Şahin had said, "While those people akin to bandits massacre Muslims within al-Aqsa, we are restoring their synagogues over here. I am voicing this with hostility inside. The synagogue here will serve solely as a museum once the restoration is complete."
The Edirne Synagogue, built with the permission of the Ottoman government, started to serve the Jewish community of Edirne in 1907. It served as a synagogue until 1983 when the Jewish community disappeared. The building was transferred to the Foundations Department in 1995. The roof of the building collapsed in 1997. The restoration project, which will be complete in the next few months, cost the department close to TL 4.5 million ($2.07 million).

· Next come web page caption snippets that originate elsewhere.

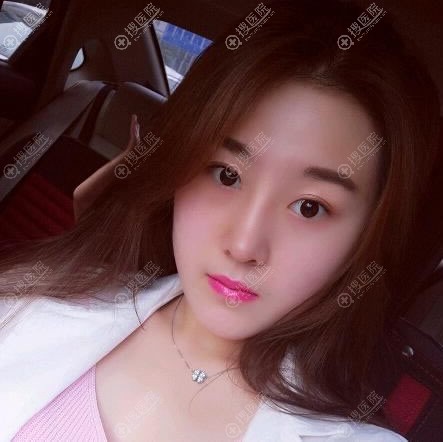 张家口维多利亚整形隆鼻案例 张家口维多利亚整形隆鼻案例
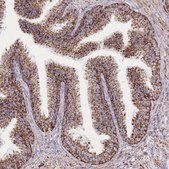 Anti-GSTM1 antibody produced in rabbit Prestige Antibodies® Powered by Atlas Antibodies, affinity isolated antibody, buffered aqueous glycerol solution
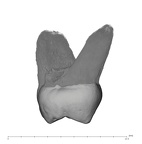 UW101-1269 Homo naledi ULM3 distal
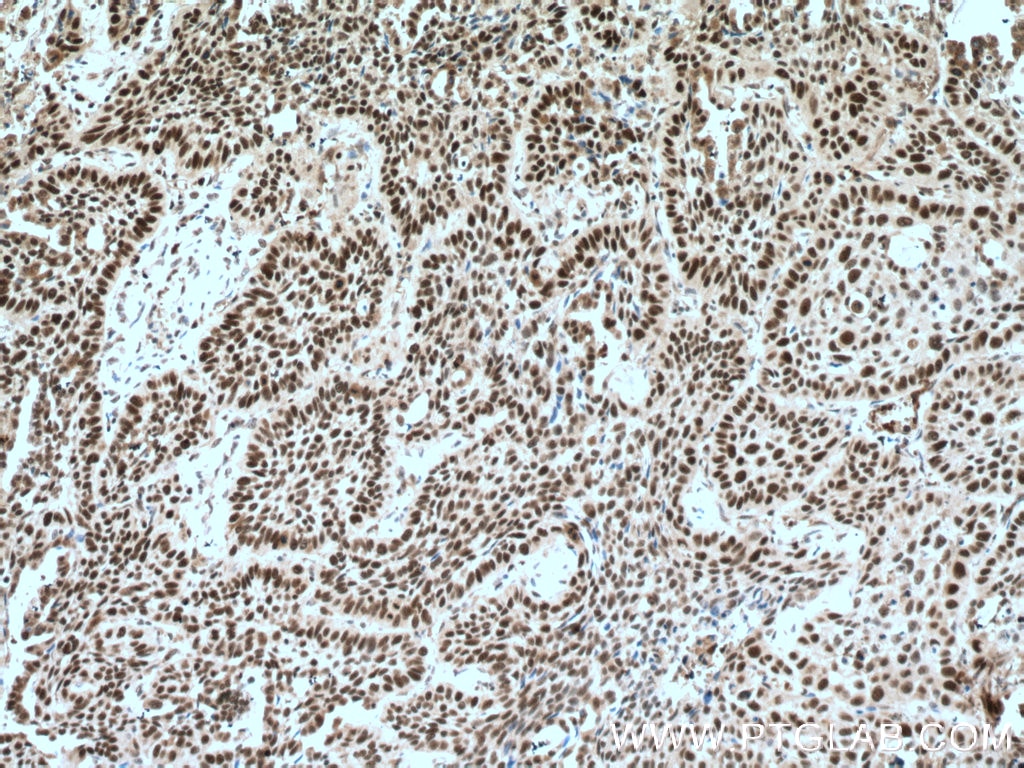 Immunohistochemistry (IHC) staining of human lung cancer tissue using PARP1 Polyclonal antibody (22999-1-AP)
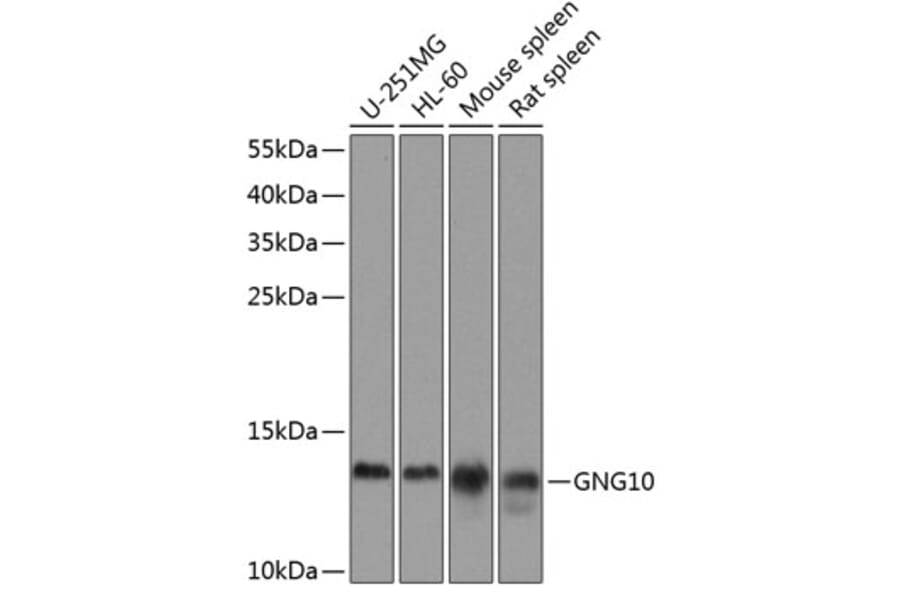 Western Blot - Anti-GNG10 Antibody (A16188) - Antibodies.com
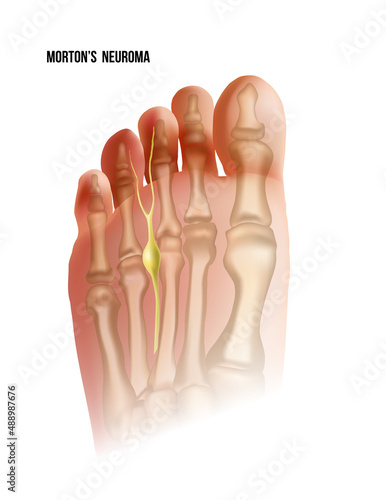 Mortons neuroma. Foot pain strain bottom view. Realistic anatomy illustration photo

After serious criticism, Şahin backtracked on his comments, arguing that the decision to turn the building into a museum belonged to the Foundations Department. In a statement released by the Governor's Office, reports pertaining to the synagogue being turned into a museum by the governor because of the developments in Israel were dismissed as false. The office said the governor's statement was made to voice his disapproval over the developments in the al-Aqsa compound.
The Turkish Jewish Community and the Office of the Chief Rabbi, in a statement said: "Developments in the Middle East do not give anyone the right to turn Turkish Jews, who are proud to be a part of the Ottoman and Turkish nation, into targets. We are concerned over such a statement voiced by a governor who represents the state."
In the statement, it was noted that the restoration of the synagogue was graciously done by the Foundations Department with the support and cooperation of the Jewish community and that the building would serve a dual purpose as both a synagogue and a museum.
Foundations Department General Manager Adnan Ertem also released a statement, underlining the fact that the building would serve as a place of worship. He said the principle function of the building would be to serve as a synagogue. "The secondary purpose is its cultural value. It will serve both as a place of worship and a museum, just like the Sultanahmet Mosque or the Süleymaniye Mosque," he said.